Et pourquoi pas un financement direct d’organisations du Sud ?

Mise en ligne: 3 novembre 2015

Y a-t-il un sens pour un bailleur de fonds bilatéral de financer directement des organisations dans les pays partenaires ?, par Eddy Boutmans

La question n’est pas neuve, y compris pour la coopération belge, qui a analysé la problématique depuis plusieurs années. La Belgique dispose de possibilités légales pour appuyer directement des organisations, et plusieurs dispositifs existants ont déjà permis et permettent de financer directement des acteurs non-gouvernementaux du Sud. Parmi ces dispositifs existants, nous pouvons citer :

  • Les programmes de micro-interventions MIP et FAP permettant aux sections belges de coopération dans les pays partenaires (actuellement les attachés de la coopération) de donner des appuis ponctuels à des associations locales pour des activités à petite échelle. Ces activités doivent évidemment s’avérer pertinentes et aussi complémentaires que possible par rapport aux projets et programmes de plus grande envergure appuyés par la coopération belge. Il s’agit cependant de montants financiers modestes, avec un impact limité.
  • La ligne « prévention des conflits et construction de la paix » visant à soutenir les processus qui renforcent la démocratie et l’Etat de droit, et les initiatives visant à prévenir la violence des conflits. Dans ce cadre, un appui direct est apporté notamment à des associations locales qui disposent des compétences et de l’assise nécessaires en matière d’éducation à la paix, de promotion des droits de l’homme, de dialogue et de réconciliation entre communautés à la base.
  • Le Fonds de survie qui finance des programmes visant à assurer les chances de survie de personnes menacées par la faim, la sous-alimentation, la pauvreté et l’exclusion dans des pays confrontés de manière chronique à un déficit alimentaire. L’arrêté royal d’exécution de la loi sur le Fonds de Survie prévoit explicitement une possibilité d’appui à des programmes mis en œuvre par des associations locales.

Les débats actuels sur l’aide d’urgence portent notamment aussi sur l’opportunité d’appui direct par les bailleurs de fonds à des associations locales susceptibles de jouer un rôle de plus en plus grand dans la prévention et la réponse aux catastrophes.

D’autre part, en matière d’accords multilatéraux, l’accord de Cotonou qui fixe les bases de la coopération entre les pays ACP et l’Union européenne élargit résolument le domaine de la coopération et l’accès aux financements à de multiples acteurs dont les acteurs non-gouvernementaux du Sud. Le rôle de ces acteurs va bien au-delà d’une fonction d’exécution puisqu’ils devront pouvoir intervenir dans le dialogue politique, dans la définition des politiques et stratégies de coopération et leur programmation, ainsi que dans l’évaluation des résultats.
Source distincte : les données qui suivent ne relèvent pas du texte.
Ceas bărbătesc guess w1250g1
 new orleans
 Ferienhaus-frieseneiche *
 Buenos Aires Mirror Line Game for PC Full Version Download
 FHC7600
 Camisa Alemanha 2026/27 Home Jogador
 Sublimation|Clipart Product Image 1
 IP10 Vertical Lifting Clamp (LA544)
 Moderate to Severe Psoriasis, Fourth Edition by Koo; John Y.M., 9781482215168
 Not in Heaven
L’extension et l’affirmation du rôle de la société civile (à côté des Etats et des opérateurs économiques) dans les processus de développement contribuent, si pas à un décloisonnement des logiques des différents acteurs, au moins dans la plupart des cas à jeter les bases d’un dialogue entre les acteurs non-gouvernementaux et les pouvoirs publics. Ce phénomène a également contribué à une évolution dans la relation de ces acteurs avec les bailleurs de fonds multilatéraux et bilatéraux.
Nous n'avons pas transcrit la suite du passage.